То была бы еще худшая ложь, так как при всем своем тяготении к интернациональным словам, без которых было бы немыслимо приобщение нашей молодой демократии к передовым идеям европейской культуры, Белинский любовно и бережно охранял русский язык от чуждых народному вкусу заимствований.
В его проникновенной лингвистике, разработанной им с изумительной тонкостью, представляющей собою стройную систему идей, больше всего поражает то “единство противоположностей”, единство двух, казалось бы, несовместимых тенденций, которое и составляет самое существо его диалектической мысли.
Никакой односторонней ограниченности в своих трудах по русской филологии Белинский никогда не допускал.
Для нас потому-то и ценно широкое гостеприимство, оказанное им иностранным словам, что сам-то он был по всему своему душевному складу одним из “самых русских людей”, каких только знала история нашей словесности. Недаром
“Вся его повадка, — сообщает Тургенев, — была чисто русская, московская... Он всем существом своим стоял близко к сердцевине своего народа... Да, он чувствовал русскую суть, как никто. Ни у кого ухо не было более чутко; никто не ощущал более живо гармонию и красоту нашего языка”. Далее Тургенев говорит о той “русской струе”, которая била во всем существе знаменитого критика, о том, как велико было в нем “понимание и чутье всего русского”, и затем через несколько страниц повторяет опять и опять, что Белинский был “вполне русский человек”, что “благо родины, ее величие, ее слава возбуждали в его сердце глубокие и сильные отзывы”.
Все это да послужит уроком нашим современным пуристам, которые даже в самом умеренном тяготении к иностранным словам видят чуть ли не измену России и в сердечной простоте полагают, что русский советский патриотизм несовместим с усыновлением иностранных речений.
Кроме того, мы должны постоянно учитывать, к какому читателю обращена та или иная литературная речь, каков его умственный уровень, какова степень его развития, образования, начитанности. Этим — в значительной степени — решается вопрос о допустимости чужеязычных речений в ту или иную эпоху.
Петрашевский, Белинский и Герцен (в 40-х годах) обращались исключительно к интеллигенции: к разночинной молодежи, к передовым дворянам, студентам, офицерам, чиновникам. Мечтая о тех временах, когда мужик
Белинского и Гоголя С базара понесет,Некрасов хорошо понимал, что это “желанное времечко” наступит еще очень не скоро. Да и Белинский в самых своих дерзновенных мечтах, конечно, не смел и надеяться, что ему выпадет счастье обращаться непосредственно к народу.

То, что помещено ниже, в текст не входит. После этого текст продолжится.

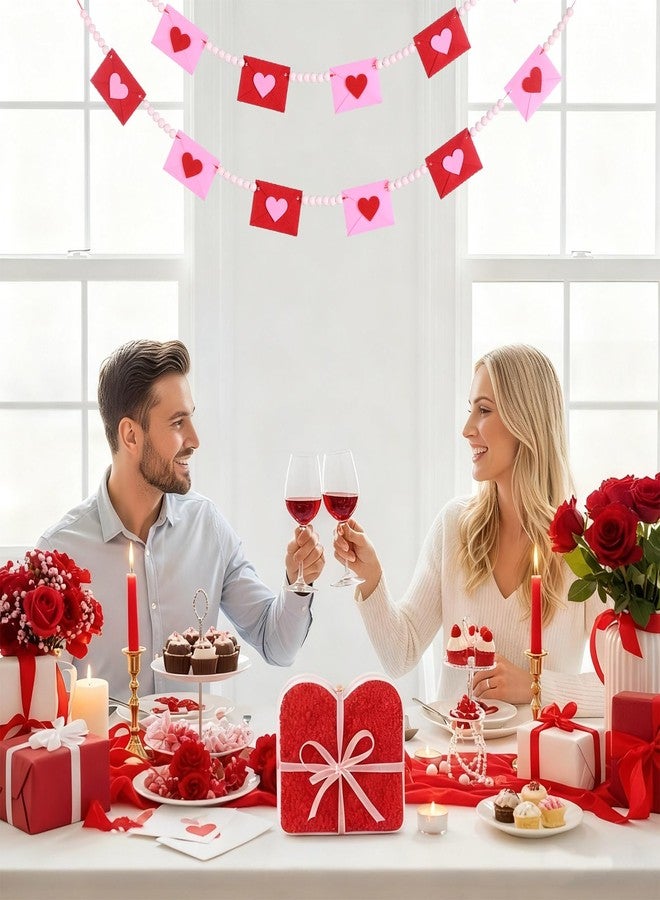 SmoothNovelty لافتة على شكل قلب من اللباد من سموث نوفيلتي، لافتة عيد الحب، زينة معلقة لعيد الحب، أكاليل خيطية على شكل قلب لتزيين رف المدفأة، حفلات الزفاف، ديكورات الذكرى السنوية - Image 5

Если бы он дожил до этого счастья, он непременно изгнал бы из своего словаря многие иноязычные термины и заговорил бы на том ясном, простом, понятном для всех языке, которым владел с таким непревзойденным искусством величайший народный трибун — В.И. Ленин.
Конечно, В.И. Ленин не был бы вождем миллионов, если бы не обладал гениальной способностью обращаться к массам с наипростейшею речью. Но и Ленин в тех теоретических, научно-философских трудах, которые были обращены не к широкой читательской массе, а к образованным, просвещенным читателям, пользовался специальными научными и философскими терминами, доступными в ту пору лишь узкому кругу людей.
Такова, например, его книга “Материализм и эмпириокритицизм”, направленная против реакционной теории русских махистов.
Правда, иные из терминов, которые встречаются в ней, были чужды его словарю, и ему пришлось иметь с ними дело лишь потому, что они были взяты на вооружение неприятельским лагерем: таковы эмпириомонизм, панпсихизм, панматериализм, трансцениус и т.д. Но и там, где В.И. Ленин говорит от себя, он не избегает таких выражений, как субъективный идеализм, гносеологическая схоластика, имманентная школа и т.д. [В.И. Ленин, Соч., т. 14, стр. 61, 94, 108, 151.]. Эта лексика была вполне доступна тому квалифицированному кругу читателей, к которому обращался Ленин со своим философским трудом.